Task prompt
The lines to reproduce run from the first one below to the line containing "Marvel Masterseries –", both included. Reproduce them exactly and nothing else.

Extracted entries
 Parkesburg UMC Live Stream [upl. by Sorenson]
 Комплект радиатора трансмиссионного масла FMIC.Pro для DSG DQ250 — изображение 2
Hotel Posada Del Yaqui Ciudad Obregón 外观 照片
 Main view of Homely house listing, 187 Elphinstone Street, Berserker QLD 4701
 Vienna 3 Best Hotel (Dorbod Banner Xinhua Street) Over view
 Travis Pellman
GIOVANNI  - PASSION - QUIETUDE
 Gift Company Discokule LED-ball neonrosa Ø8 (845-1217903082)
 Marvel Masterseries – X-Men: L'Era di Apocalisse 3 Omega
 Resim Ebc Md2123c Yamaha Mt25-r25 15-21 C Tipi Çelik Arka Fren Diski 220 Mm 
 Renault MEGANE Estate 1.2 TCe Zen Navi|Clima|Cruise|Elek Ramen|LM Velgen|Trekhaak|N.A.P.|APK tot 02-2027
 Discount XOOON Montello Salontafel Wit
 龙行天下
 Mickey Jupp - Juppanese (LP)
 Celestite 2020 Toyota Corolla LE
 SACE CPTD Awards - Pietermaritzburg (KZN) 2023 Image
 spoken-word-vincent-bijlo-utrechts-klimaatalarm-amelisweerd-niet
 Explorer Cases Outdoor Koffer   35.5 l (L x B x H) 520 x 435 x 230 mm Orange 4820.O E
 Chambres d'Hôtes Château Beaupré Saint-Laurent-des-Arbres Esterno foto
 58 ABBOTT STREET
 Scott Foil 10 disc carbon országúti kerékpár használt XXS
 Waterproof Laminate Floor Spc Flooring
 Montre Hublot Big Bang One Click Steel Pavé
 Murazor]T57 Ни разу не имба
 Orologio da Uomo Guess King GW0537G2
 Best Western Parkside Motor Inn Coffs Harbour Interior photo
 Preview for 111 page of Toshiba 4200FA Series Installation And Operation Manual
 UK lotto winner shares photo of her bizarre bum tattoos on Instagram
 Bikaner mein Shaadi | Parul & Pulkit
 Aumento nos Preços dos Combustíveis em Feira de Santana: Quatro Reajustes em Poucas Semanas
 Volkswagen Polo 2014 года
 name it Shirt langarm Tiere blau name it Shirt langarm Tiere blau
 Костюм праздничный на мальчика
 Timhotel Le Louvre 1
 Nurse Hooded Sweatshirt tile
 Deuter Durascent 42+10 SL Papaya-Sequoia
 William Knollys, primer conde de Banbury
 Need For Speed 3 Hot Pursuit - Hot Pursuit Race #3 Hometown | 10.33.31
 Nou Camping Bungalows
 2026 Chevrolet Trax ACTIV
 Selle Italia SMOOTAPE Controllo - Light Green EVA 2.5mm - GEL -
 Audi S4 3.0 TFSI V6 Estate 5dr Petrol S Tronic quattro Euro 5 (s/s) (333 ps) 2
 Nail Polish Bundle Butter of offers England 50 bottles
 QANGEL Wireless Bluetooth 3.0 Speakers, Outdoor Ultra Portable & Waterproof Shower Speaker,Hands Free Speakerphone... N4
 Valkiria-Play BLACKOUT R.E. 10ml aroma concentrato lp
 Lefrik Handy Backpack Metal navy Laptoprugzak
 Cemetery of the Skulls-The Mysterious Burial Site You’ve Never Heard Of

Exercise result
 Parkesburg UMC Live Stream [upl. by Sorenson]
 Комплект радиатора трансмиссионного масла FMIC.Pro для DSG DQ250 — изображение 2
Hotel Posada Del Yaqui Ciudad Obregón 外观 照片
 Main view of Homely house listing, 187 Elphinstone Street, Berserker QLD 4701
 Vienna 3 Best Hotel (Dorbod Banner Xinhua Street) Over view
 Travis Pellman
GIOVANNI  - PASSION - QUIETUDE
 Gift Company Discokule LED-ball neonrosa Ø8 (845-1217903082)
 Marvel Masterseries – X-Men: L'Era di Apocalisse 3 Omega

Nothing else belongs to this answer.